The custom of uchimizu in urban areas had almost died out as the rising population concentration led to the replacement of the low-rise, traditional wooden structures with towering steel-reinforced concrete buildings that separate residents from the benefits of the practice. A decrease in green space and an increase in the air conditioning devices needed to cool the buildings have contributed to the heat island effect, the spike on temperature maps that show urban areas as “islands” of heat compared to the surrounding rural areas.

 

“From the time Japan commenced full-scale weather monitoring in the 1880s until the present, the temperature of Tokyo has risen by about 3°C,” says Ryozo Ooka, professor in the Department of Human and Social Sciences, Institute of Industrial Science at the University of Tokyo. “Of that about 0.5°C to 1.0°C can be accounted for by global warming, meaning approximately 2.5°C is due purely to the heat island phenomena.”

 

The pressure to come up with solutions to cool off the city’s surfaces has increased after Tokyo won the bid for the Olympic and Paralympic Games Tokyo 2020. They are scheduled to be held at the peak of the summer season, from July to September. It’s no surprise, then, that one major issue in the run up to the Games is how to protect the athletes from the heat and humidity, since according to one estimate the average August temperature is 27.4°C, with humidity of 69 percent.

 

A number of projects have tested various methods to combat the soaring temperature problem. In one of them, begun in 2005 and since completed, the Tokyo Metropolitan Government and the then Ministry of Land, Infrastructure and Transport installed water-retaining pavement and sprinklers on a road adjacent to the National Diet Building. The system uses water-retaining materials to retain rainwater and pumps ground water up for use in sprinklers which use solar power. The water in the pavement evaporates, lowering the road surface temperature.

 

In 2008, Tokyo began an ambitious program in addition to the previous water-retaining pavement: installing solar heat-blocking pavement as a part of road maintenance and construction within areas of central Tokyo. Solar heat blocking is a method of applying a heat-insulating material to paved road surfaces that reflects the solar rays that cause road surface temperatures to rise. It can reduce the surface temperature by up to 8°C.

 

The TMG is providing subsidies for the installation of the solar heat-blocking pavement. By March 2017, 86 kilometers of road surface had been completed.
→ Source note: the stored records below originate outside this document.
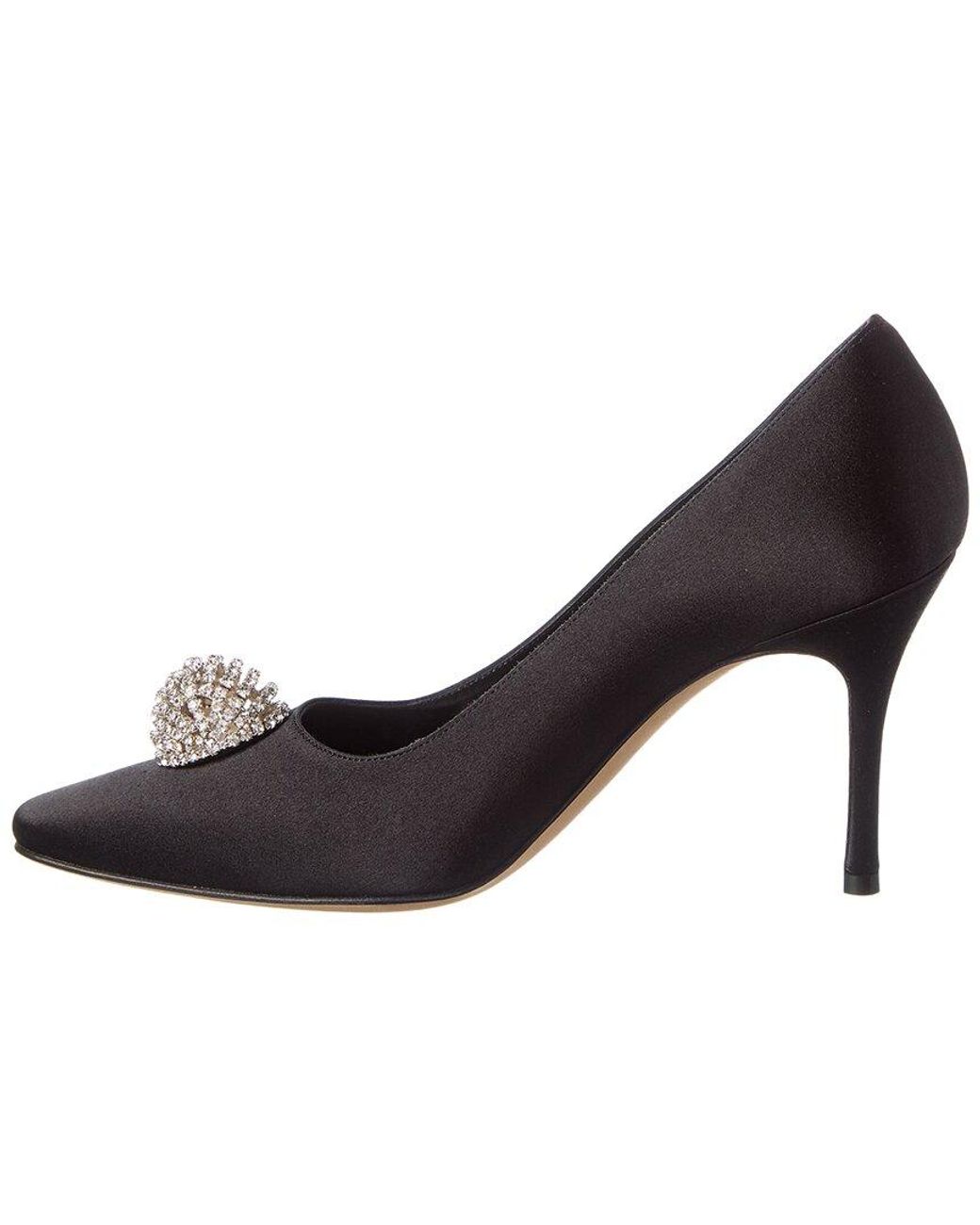 Manolo Blahnik Black Elbolita 90 Satin Pump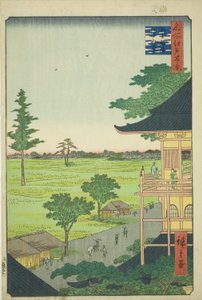 Sazai Hall van de Vijfhonderd Rakan Tempel (Gohyaku Rakan Sazaido), uit de serie "Honderd Beroemde Zichten van Edo (Meisho Edo hyakkei)"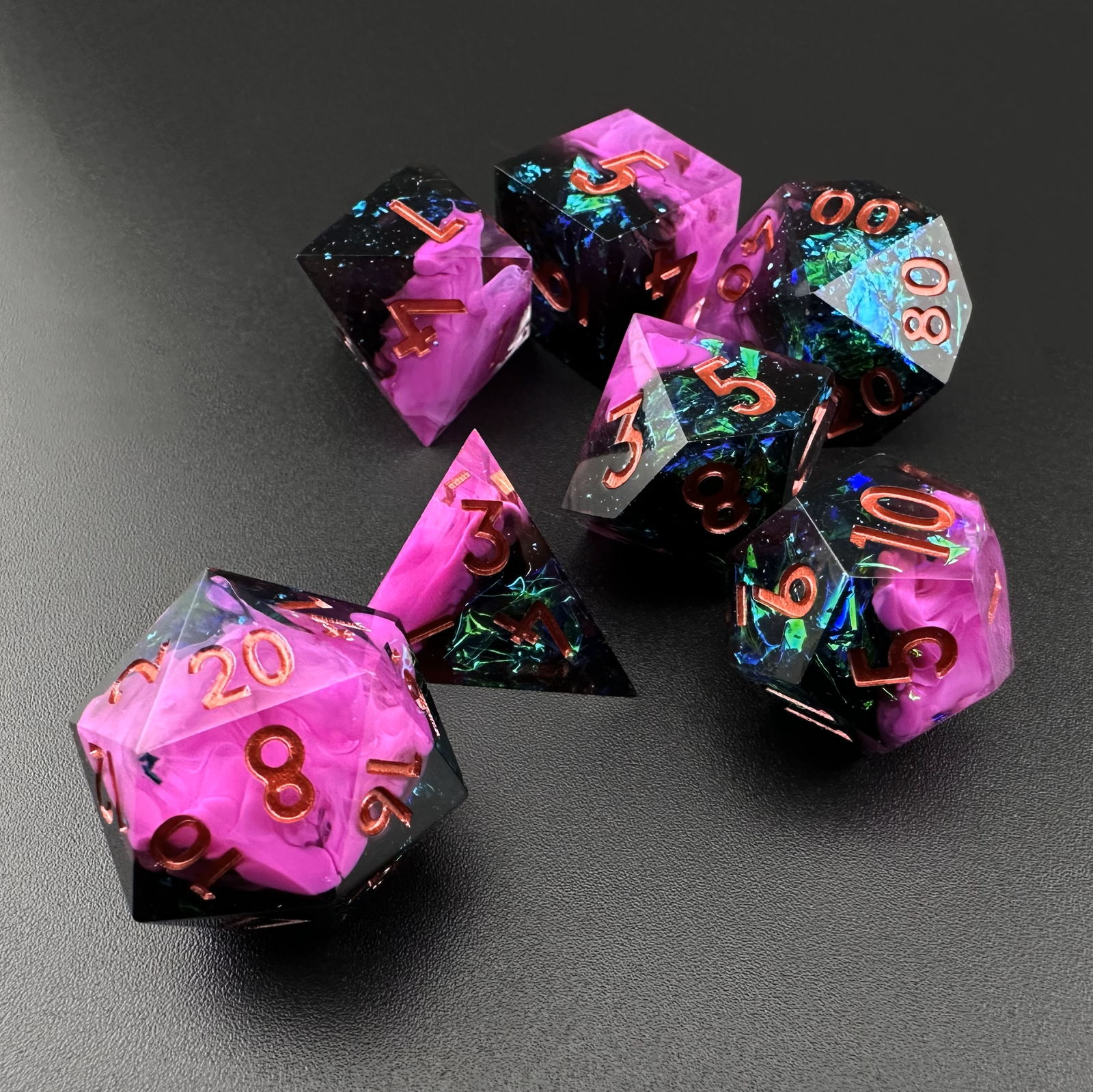 Shattered Dusk - 7pc Resin Sharp Edge DnD Dice Set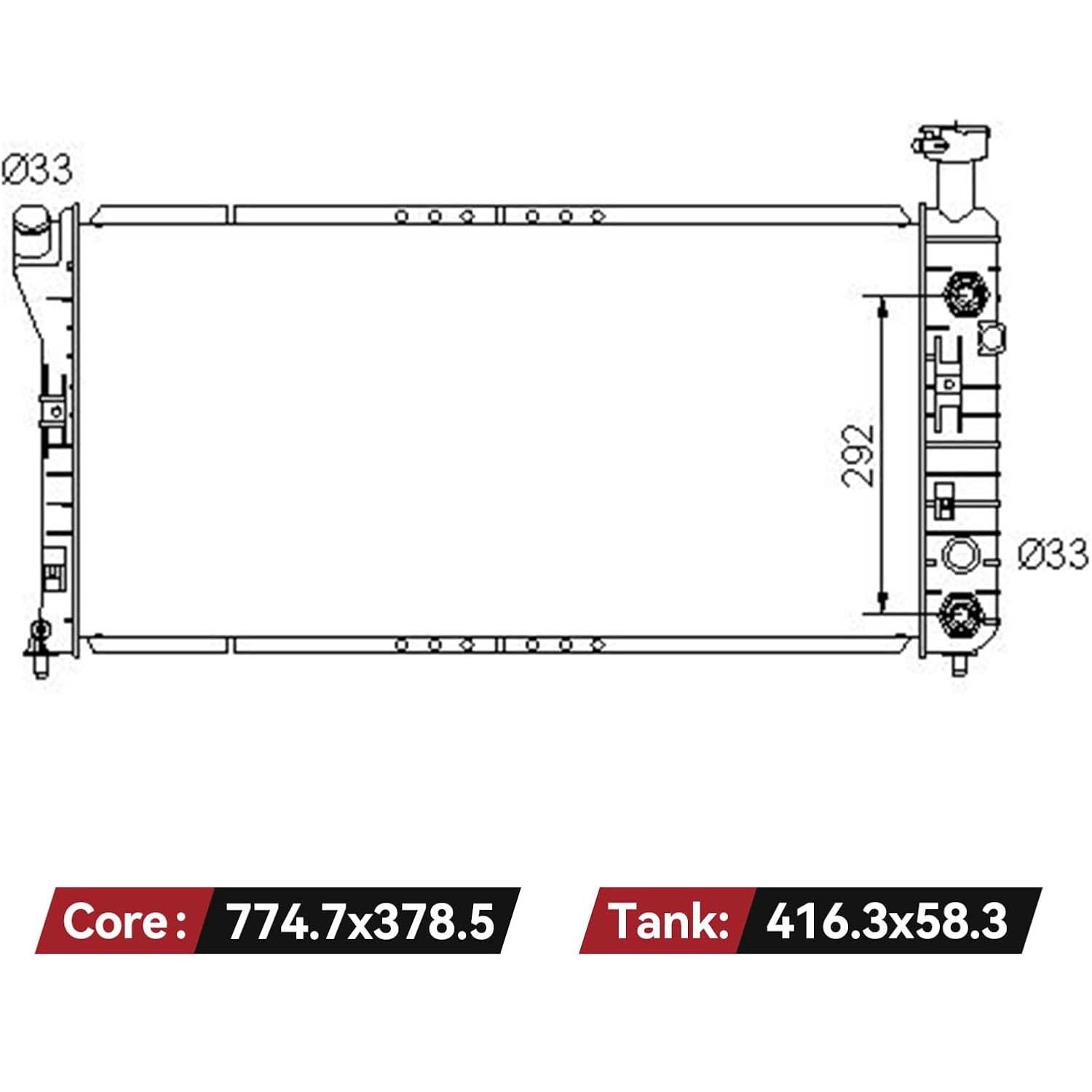 Side view of YITAMOTOR Aluminum Radiator - Direct Fit for 00-05 Buick Regal/Century, Chevy Impala/Monte Carlo | 3.1L 3.4L 3.8L V6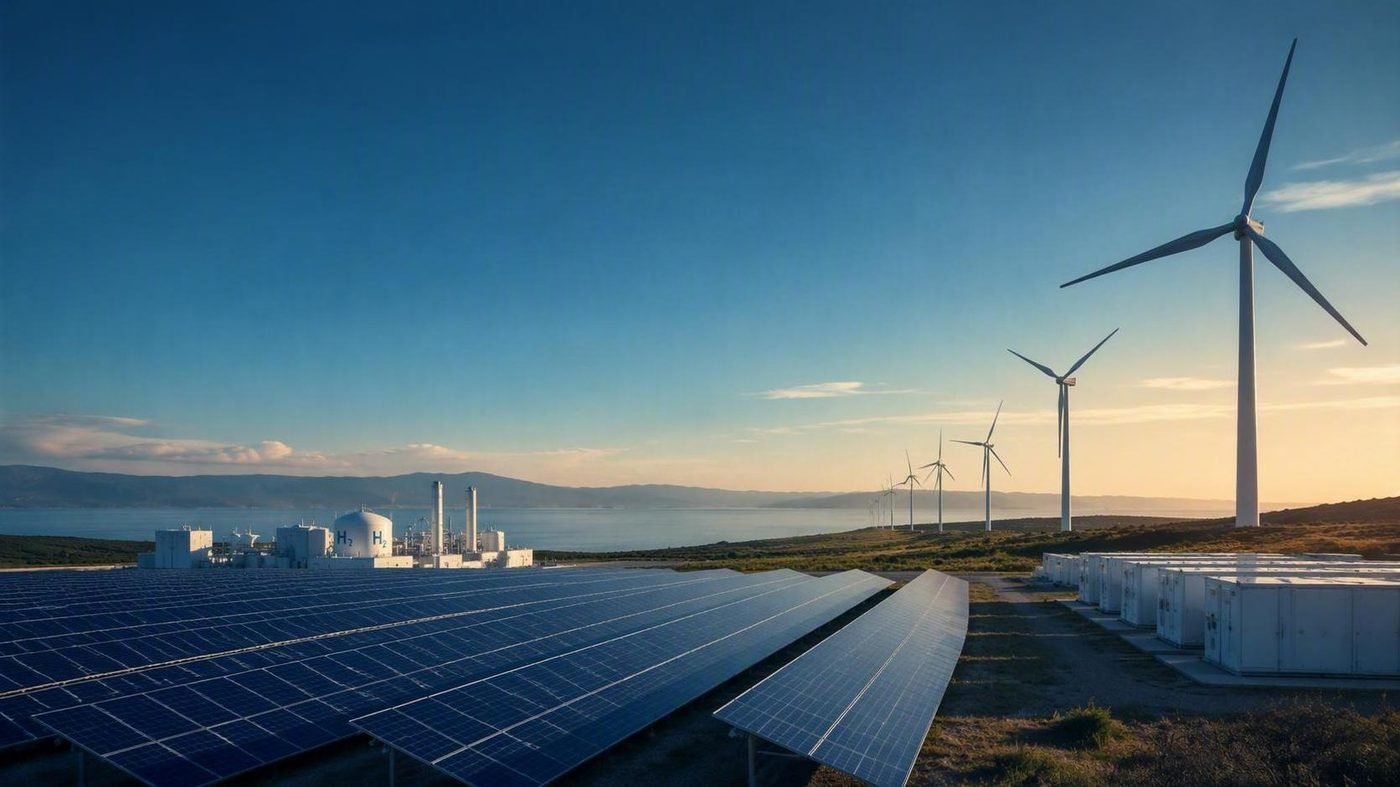 Wind and solar renewable energy infrastructure at dusk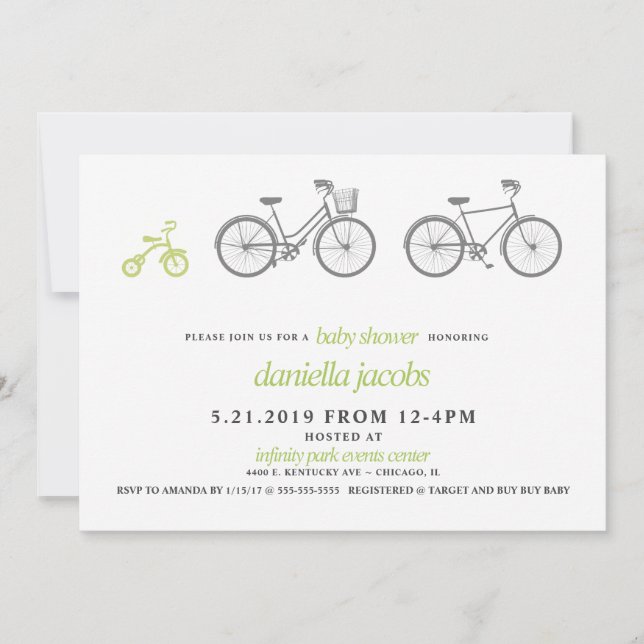 Green Bicycle Baby Shower Invitation (Front)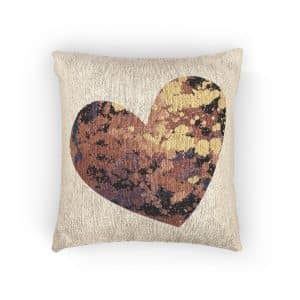 Coloured Heart Woven Pillow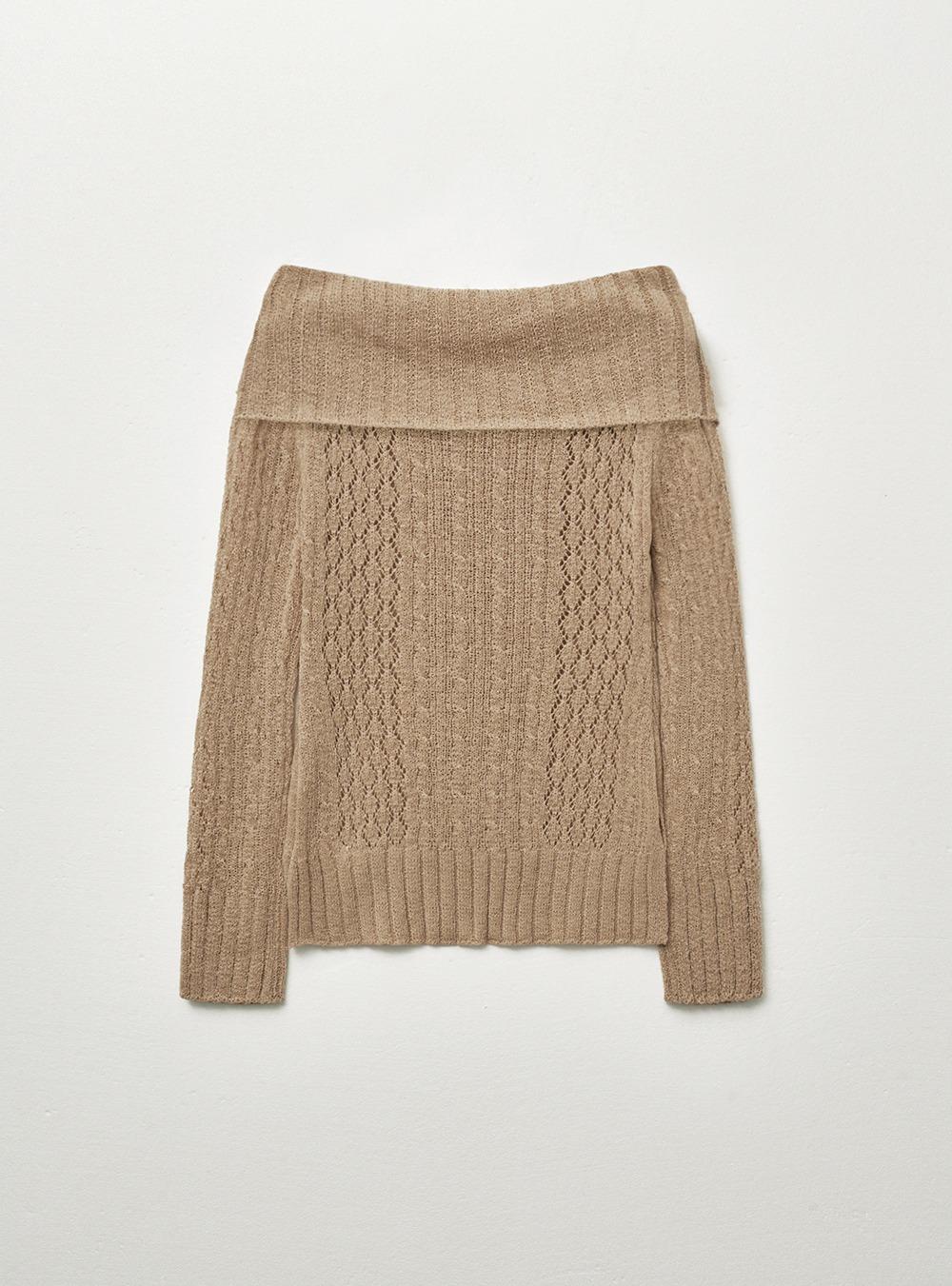 RIBBED OFF-SHOULDER TOP - BEIGE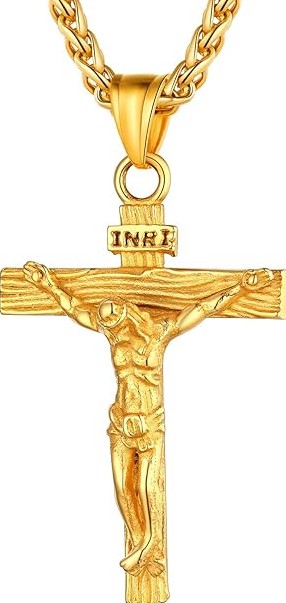 Colar com crucifixo na cor dourada. 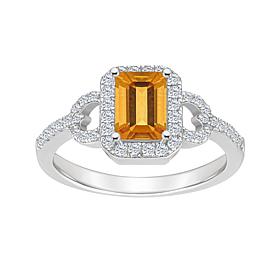 Sterling Silver Emerald-Cut Gemstone and White Topaz Accent Ring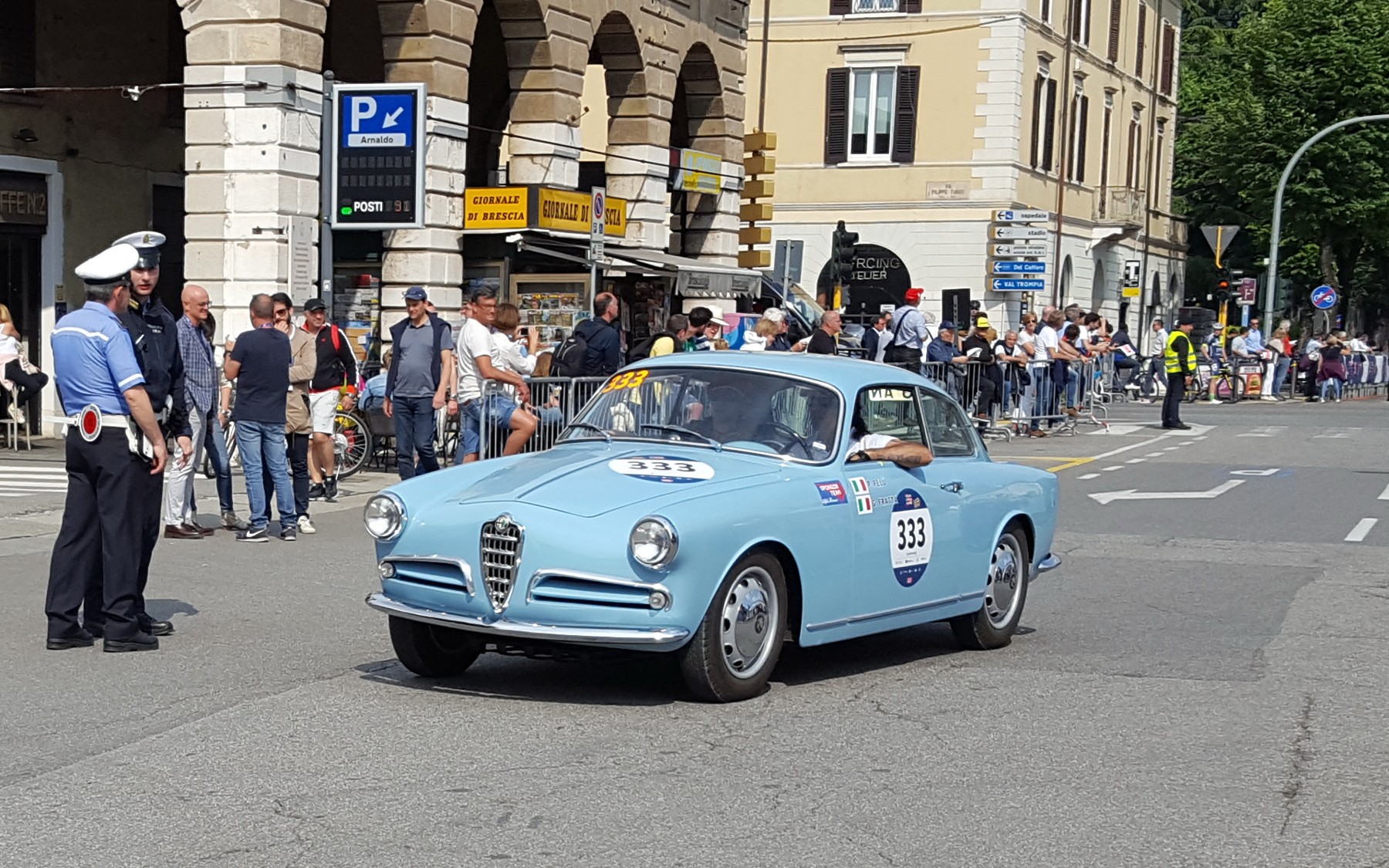 1955 Alfa Romeo Giulietta Sprint Bertone, entry 333, photographed at the 2018 Mille Miglia; first-series bodywork.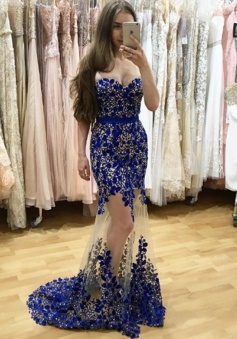 Mermaid Sweetheart Floor-Length Royal Blue Tulle Prom Dress with Lace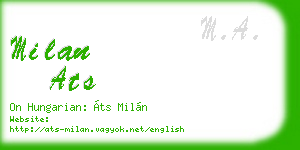 milan ats business card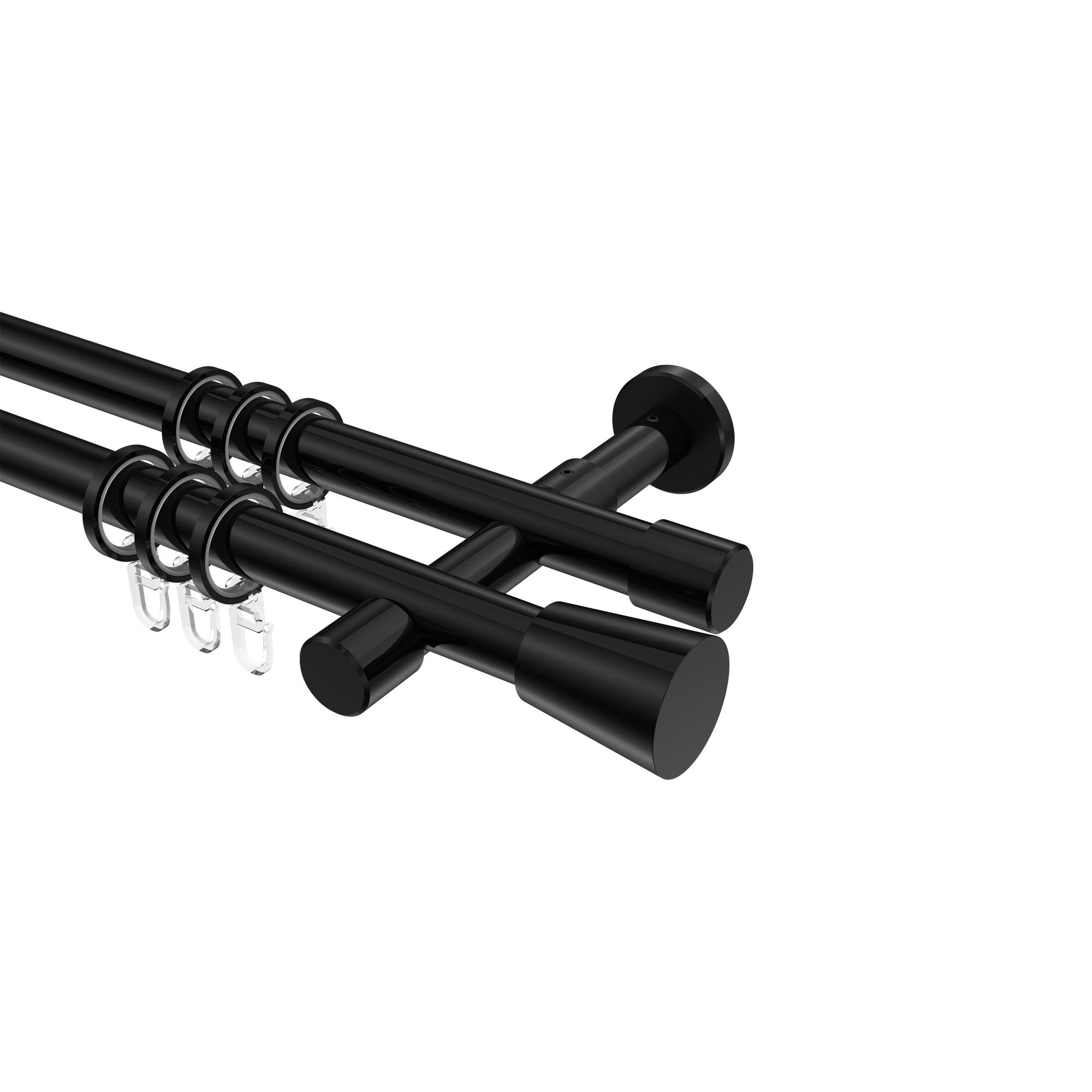 GARDINENSTANGEN-SET Prestige Sitra 140 cm, 2-läufig, 20 mm Ø Schwarz - Schwarz, Metall (140cm) - INTERDECO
Maintenance on roads that will be used for the Tokyo 2020 Games events is being given priority, and the plan calls for some 136 kilometers of water-retaining pavement or solar heat-blocking pavement to be finished by the opening.

 

Professor Ooka believes strongly in the efficacy of uchimizu, and claims that, even on a localized basis, the practice may lower temperatures by 2°C or 3°C. Others seem to agree. Communities throughout the Tokyo area now regularly engage in events in summer, with some estimates of up to four million people attending. In many recent uchimizu events, participants use rainwater or recycled water from their homes to respect the Japanese tradition of a no-waste society. Now there are even signs that uchimizu could become another word that is used and recognized internationally, like sushi or manga.

 

On April 24, 2017, Anna Solcerova, a researcher with Delft University of Technology in the Netherlands, made a presentation on uchimizu to the general assembly of the European Geosciences Union in Vienna, in which she claimed that extensive experiments she conducted at the university proved that “the simple old Japanese tradition of water sprinkling—uchimizu— is an effective way of reducing extreme heat in cities.”

 

The traditional water sprinkling custom got a further boost when Tokyo Governor Yuriko Koike participated in an uchimizu event outside the Tokyo government buildings on July 20, 2017. If more local communities begin to engage people in the practice of uchimizu, then “cool” Japan just might get cooler.

 

Photo Captions
Uchimizu is the traditional practice of cooling off summer streets and garden walkways by sprinkling them with water (top).
-Events promoting uchimizu are held throughout the metropolitan area to entertain and educate Tokyo residents (center). Effects of installing solar heat-blocking pavement (bottom).